Belluno, Professore scuola media bestemmiava e chiamava 'Bastardi' i suoi alunni

Erano delle vere e proprie lezioni da incubo, quelle che il professor Slavazza teneva nella in una scuola media del Comelico: il clima era, a dir poco, terrificante per quei ragazzini di età compresa tra gli undici e i tredici anni che nel 2009 frequentavano la prima e la terza e che erano costretti a sopportare queste supplenze assurde.

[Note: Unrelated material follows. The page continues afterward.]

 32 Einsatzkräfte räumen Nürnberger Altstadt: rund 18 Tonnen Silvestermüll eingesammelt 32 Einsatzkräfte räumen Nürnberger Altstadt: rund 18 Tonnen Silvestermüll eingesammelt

'Bastardi', così venivano rimproverati gli alunni. 'Siete degli incapaci, non capite un accidente, era meglio se non venivate al mondo, siete da Cottolengo', una delle frasi pronunciate dal 'professore' che quando si arrabbiava, condiva la sua ira con bestemmie e insulti a destra e a sinistra. Una ragazzina, una volta, tornò a casa in lacrime dopo che Alberto Slavazza le aveva tirato dietro un gessetto chiamandola 'Bastarda' e dicendole che, da grande, non sarebbe servito che andasse a lavorare in quanto poteva trovare lavoro sulla strada...



Belluno, la sentenza è attesa per il prossimo mese di settembre: rischio beffa?

Il pubblico ministero, durante al processo, ha chiesto al giudice di non considerare affatto le attenuanti nei confronti del docente, in quanto quest'ultimo durante il procedimento aveva più volte contattato gli studenti, raccomandando questi ultimi di essere 'morbidi' durante le testimonianze in aula.

Ora il processo è rinviato al prossimo 16 settembre, ma occorre tener presente che un rappresentante dell'Ufficio scolastico riferirà al Miur in merito al procedimento in corso nei confronti del 56enne professor Scavazza che, dal 2011 era stato tolto dalle graduatorie, per poi comunque esservi nuovamente inserito. 

A questo punto, il suo futuro dipenderà dalla sentenza che sarà emessa nei suoi confronti: se non verrà condannato, potrebbe esserci anche la 'beffa' della restituzione della cattedra.